Stupid Question Hall of Fame

Prompted by a couple stupid questions from last block -
Block 1, Group meeting
I'm reading aloud "Foreign aid to Bolivia" off Wikipedia, to help out Redhead Girl. This is after I've offered Redhead Girl about five times to switch topics with her, to no intelligible response.
Redhead Girl: [angrily] Why do you get to do the party politics of Bolivia when I have to do international intervention? I just don't get it. You obviously know so much more about the humanitarian issues than I do. World Bank? Evo Morales? All that stuff you just said? Tons! I don't know ANYTHING about foreign aid whatsoever and you do!
Me: . . . . . . .
I've been on CollegeHumor reading articles by this guy Streeter Seidell. He gets students to send in stupid questions. So I've been laughing, and crying, because I'm laughing so hard.

Examples

Pasadena City College
Professor shows a picture of a man sitting on a high throne with two servant boys kneeling before him...
Professor: ...and here, you'll see a picture of the Pope.
The Brilliance: Which one's the Pope?

University of Colorado
Professor, while discussing the characteristics of living organisms, was interrupted...
Sorority Girl: Wait, I'm so confused; are trees alive, because like they don't move, right?

College of Southern Nevada
While discussing the effect on farming during the great depression...
The Brain: Why do people need still farm if they could just go to the store?

Professor: Side note, there will be an eclipse tonight at approximately 8:30pm if any of you want to see it.
Lady Einstein: Is it a solar eclipse?
Professor: It's at night...

Drake University
Professor: So what are some environmental factors in a child's development?
The Brilliance: Climate?
Prof: Well, yes, I suppose that could have a minor effect.
The Brilliance Jr.: Landscape?
Prof: ...

University of Maryland
The teacher was talking about the smooth musket which allowed attackers to be about 100 feet away from the defenders without getting injured.

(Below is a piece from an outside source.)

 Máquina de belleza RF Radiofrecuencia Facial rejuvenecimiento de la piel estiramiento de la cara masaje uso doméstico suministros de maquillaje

Once at 100 yards the attackers could charge the defenders.
Valedictorian: Is this the origin of the 100 yard dash?

Professor: And marketers took the NASA invention "Tang" and made it a popular drink
Stephen Hawking: Who even likes Tang? Seriously, Orange flavored Milk?
Professor: I believe it's supposed to be mixed with water.
Stephen Hawking: Oh, I guess that really clears up a lot.

Fitchburg State College, Londonderry, New Hampshire
Professor: How do you think Abraham Lincoln was elected even though abolition wasn't the most popular idea of the time?
The Brilliance: Well, obviously all those slaves voted for him, right?

Marist College, Batavia, New York
Little Einstein: So if plants grow best in red and blue light, why are they grown in greenhouses?

Wright State, Columbus, Ohio
The professor was talking about equilateral triangle...
Genius: So what's it called if there are more than 3 equal sides?
Professior: A square.

Ohio State, Dayton, Ohio
Prof: . . . even transportation for the natives evolved as the Europeans showed them how bareback riding made traveling easier.
Dumb girl: Do we need to know what kind of bears they rode for the test?